[Data extract — start]

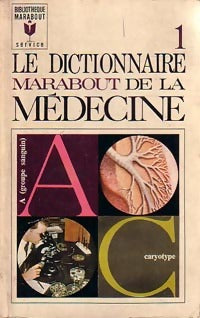 Le dictionnaire marabout de la médecine Tome I - Collectif - Livre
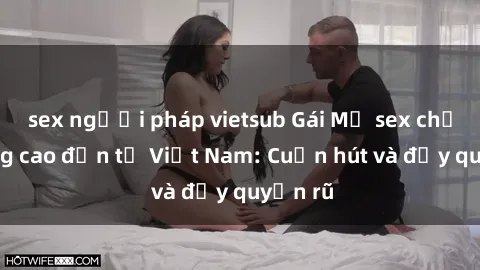 sex người pháp vietsub Gái Mỹ sex chất lượng cao đến từ Việt Nam: Cuốn hút và đầy quyến rũ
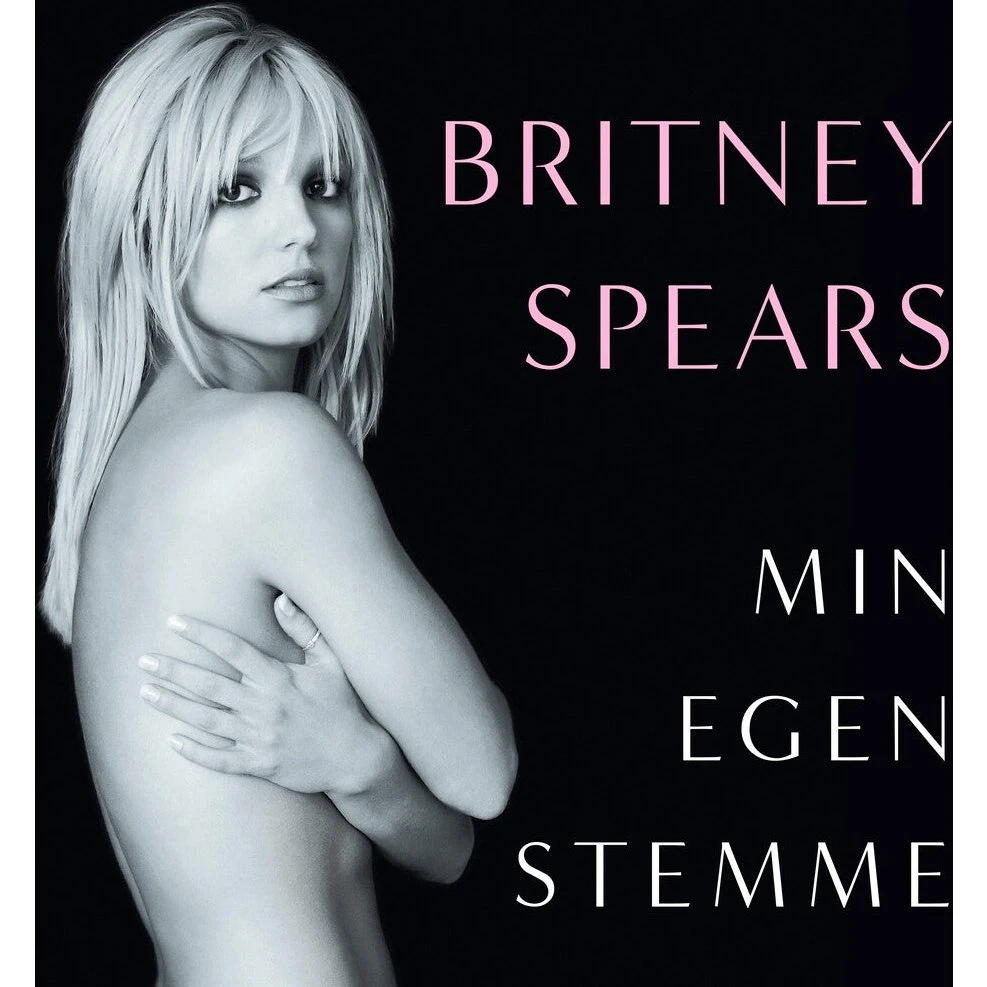 Britney Spears: Min egen stemme - Lydbog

[Data extract — finish]

What you will do — Would you repeat each line of the listing exactly, skipping any picture?

Written solution —
 Le dictionnaire marabout de la médecine Tome I - Collectif - Livre
 sex người pháp vietsub Gái Mỹ sex chất lượng cao đến từ Việt Nam: Cuốn hút và đầy quyến rũ
 Britney Spears: Min egen stemme - Lydbog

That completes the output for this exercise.